William A. Herbert, CSEA's senior counsel, argued that the court took that amendment to the Civil Service Law out of context. According to Mr. Herbert, who wrote an amicus brief in support of the earlier PERB ruling, that section of the law has been changed multiple times over the years to fix various defects that have surfaced.

"The Legislature has repeatedly added language to cover flaws of that law," he asserted. "The majority took that legislative action and twisted it to get their result to knock out what PERB ruled. What the court essentially did was mix apples and oranges."

He argued that having a union representative present during a disciplinary interview should be a fundamental right. "In this day and age, it's shocking that a majority of the Court of Appeals would conclude that a simple right to have a union representative present during a disciplinary interview is not protected by the Taylor Law," he asserted.

'Changes the Dynamic'

The decision, Mr. Herbert speculated, will change the way future lower-court decisions are handled. "It's a standard principle that the courts defer to administrative agencies," he said. "If the Appeals Court is now going to overrule those administrations, it will change the dynamic of administrative law. It creates a bad precedent in that it's not granting deference."

But Mr. Lefkowitz, who previously worked with Mr. Herbert at CSEA, said that he believed the ruling applied only to a specific case. "I don't think it has implications for the broad spectrum of the cases PERB decides," he observed. "I don't see that decision as a significant change in the direction that PERB goes.

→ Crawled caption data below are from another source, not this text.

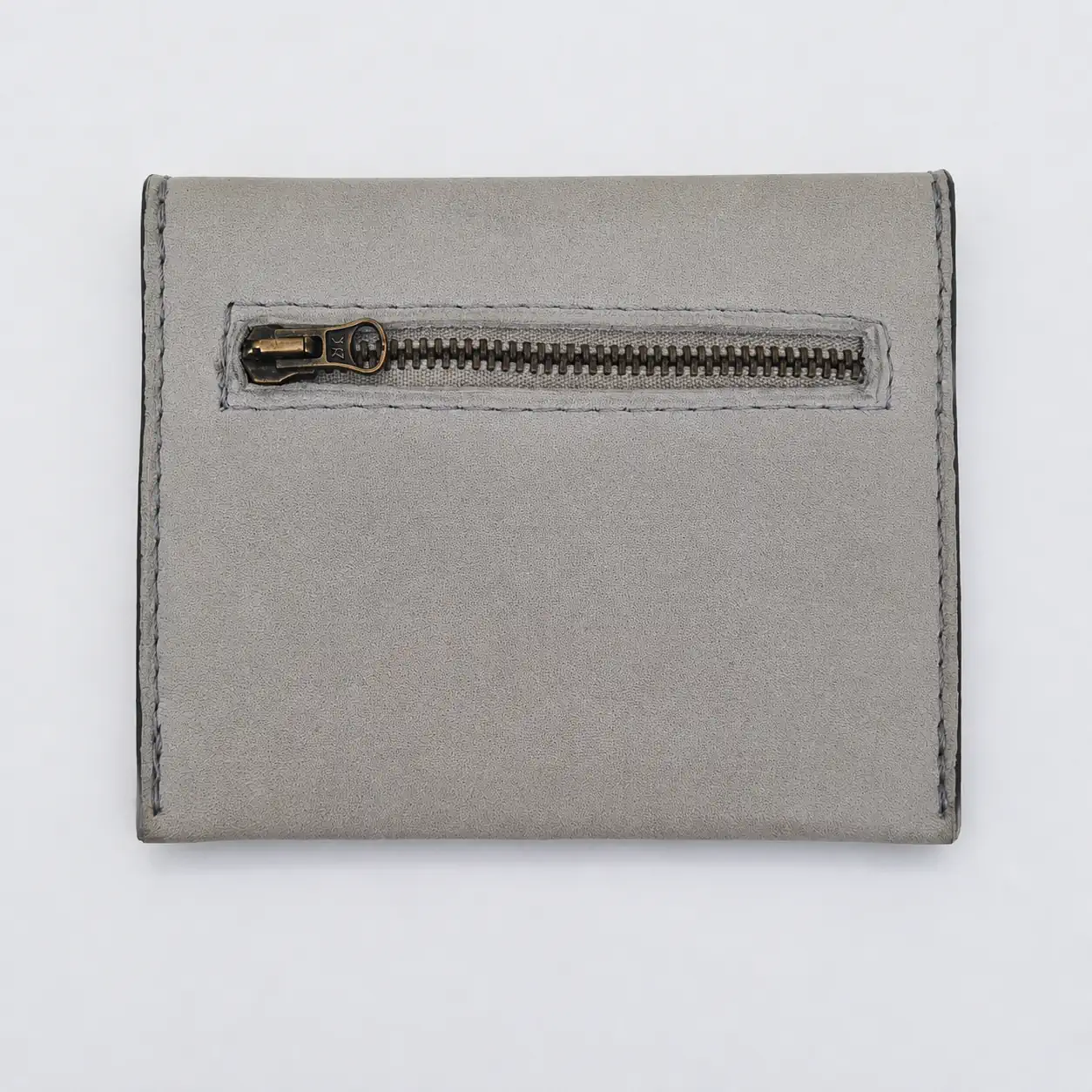 Dos d'un porte-monnaie artisanal en cuir gris clair, piqûre grise, avec poche zippée extérieure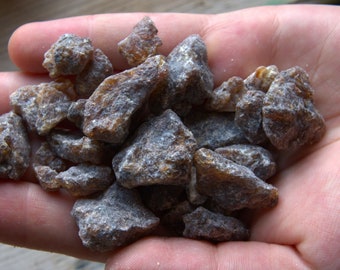 Puede incluir: Primer plano de un puñado de piezas de resina marrón y gris. La resina tiene una forma irregular y una superficie rugosa y texturizada.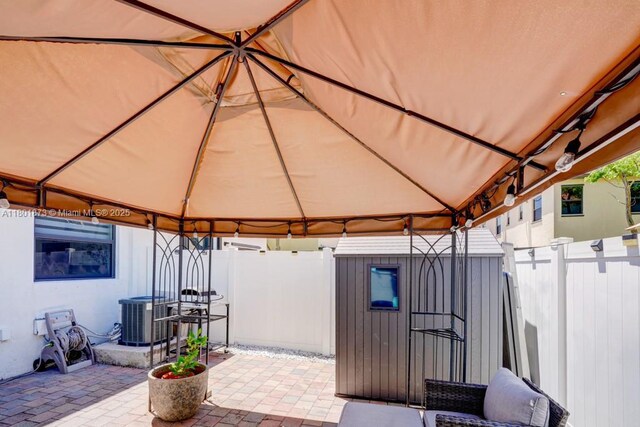 10602 W 33rd Way, Hialeah, FL 33018 - fenced backyard with a gazebo, central AC unit, and a patio area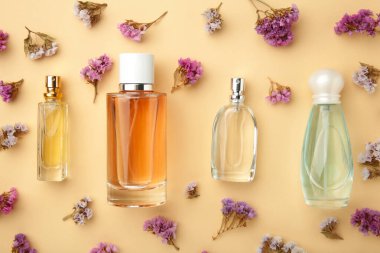 Bej arka planda çiçekli bir şişe parfüm. Üst görünüm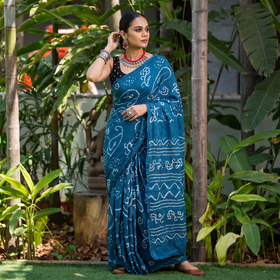Blue Kutch Bandhani tie-dye cotton saree, draped and worn by a woman, AI visual of the saree, iTokri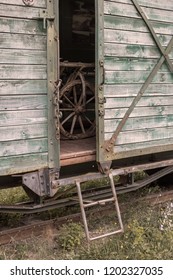 Railway Old Wooden Freight Car With The Door Ajar Where A Wooden Cart Is Visible Inside.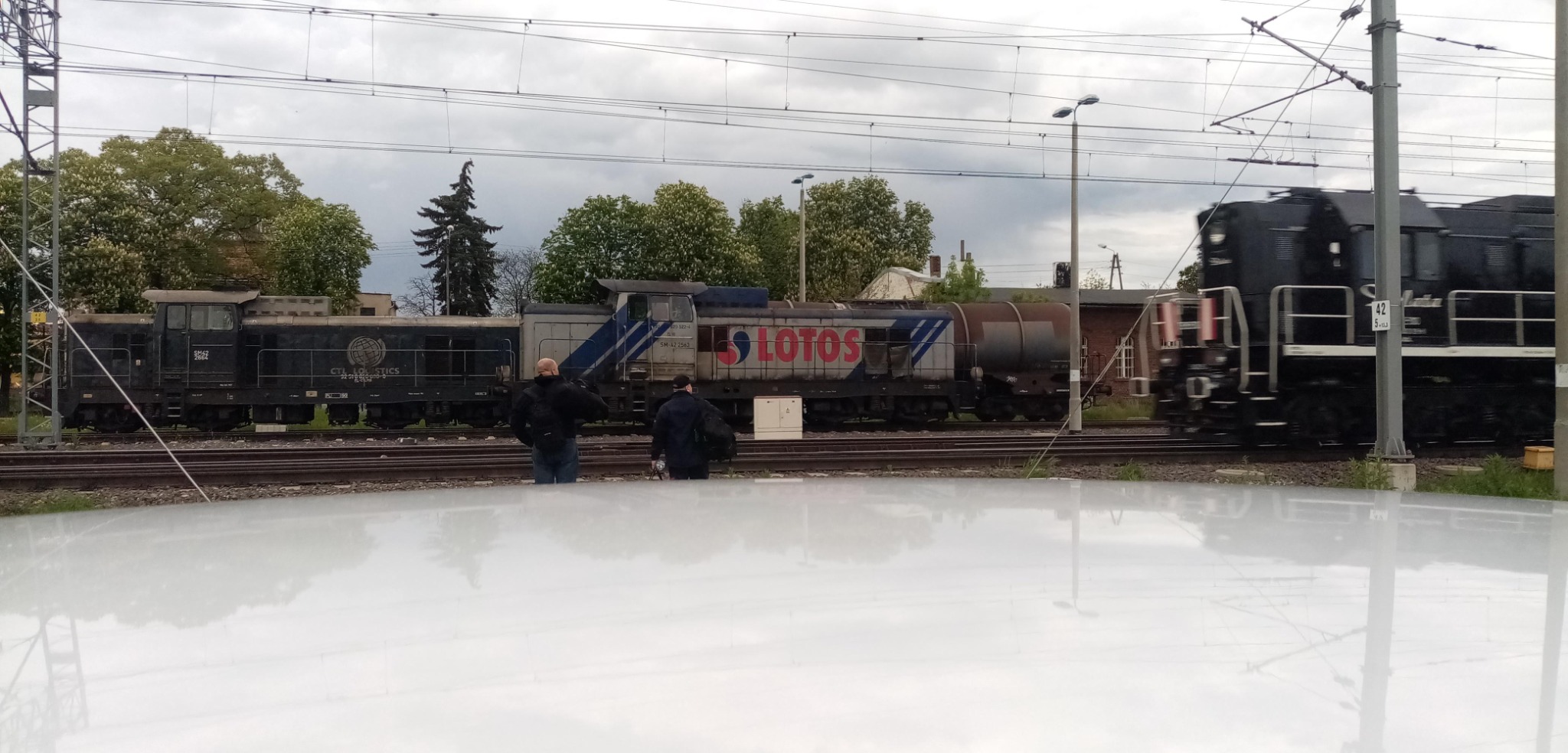 Dwa lokomotywy kolejowe, jeden z logo LOTOS, stojące na torach kolejowych z dwoma osobami w pobliżu, widoczne zza białej, błyszczącej powierzchni.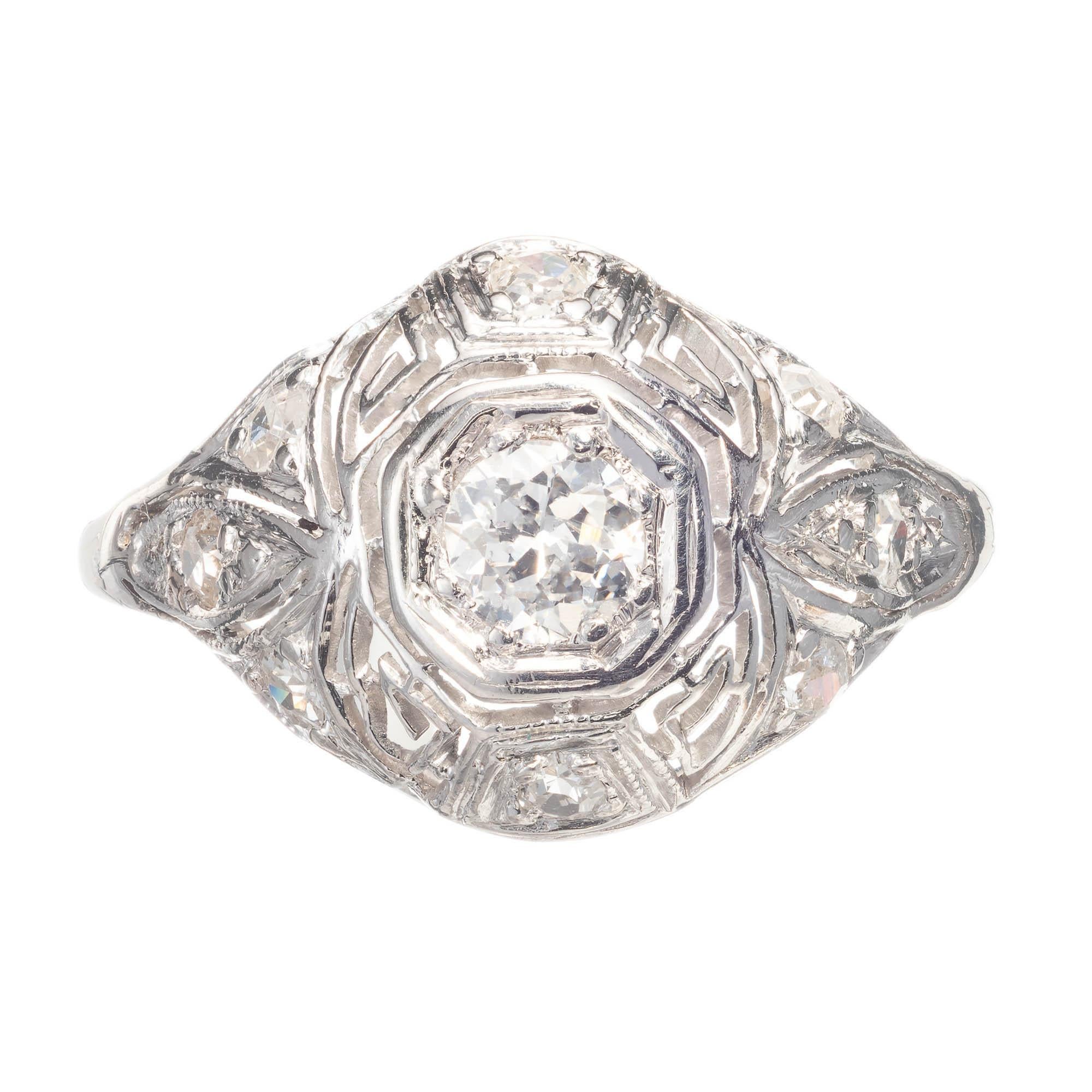 Diamond platinum Art Deco engagement ring. Center diamond is bezel set on top of a filigree style dome platinum setting. with smaller antique single cut diamonds set occasionally around ring. 

1 Old mine cut G-H SI2 diamond, Approx. .30 carats EGL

They just said we made a mistake here."

In her dissenting opinion, Judge Kaye wrote that the Taylor Law implicitly assures employees the right to union counsel when facing discipline, since that is one of the privileges tied to belonging to a labor organization. She said that right was "consistent with the most fundamental purposes" of the Taylor Law.

But the majority decision ruled that the Taylor Law does not include language tied to "mutual aid and protection" that was a major factor in the Weingarten case. "The right to union representation at disciplinary interviews ... is not inherent in the right to participate in a union," Judge Smith stated.

As a result, under Section 75 of the Civil Service Law, NYC Transit was merely barred from using against him any statements Mr. Komarnitskiy made during the meeting, he added.

'Shows Glaring Inequities'

Ed Watt, Local 100's secretary-treasurer, said the decision "draws attention to the glaring inequities" in the Taylor Law. "It's disappointing the courts are not on the side of the working people, and they are certainly not on the side of the unions," he said during a phone interview. "It's all part and parcel with the improper practices that management is allowed to get away with under the Taylor Law. When management can violate the Taylor Law flagrantly with no penalties, we absolutely have to amend the law."

Mr. Lefkowitz said changes were likely. "I feel quite certain that there will be a bill put before the Legislature by people who support PERB's decision to make this law," he remarked, referring to adding Weingarten rights.

Asked whether he would support such an amendment, he responded, "I think it's not unlikely we would, but I have to consult with the [other] two [PERB] members to decide with them."

He called the issue "a priority for us to resolve."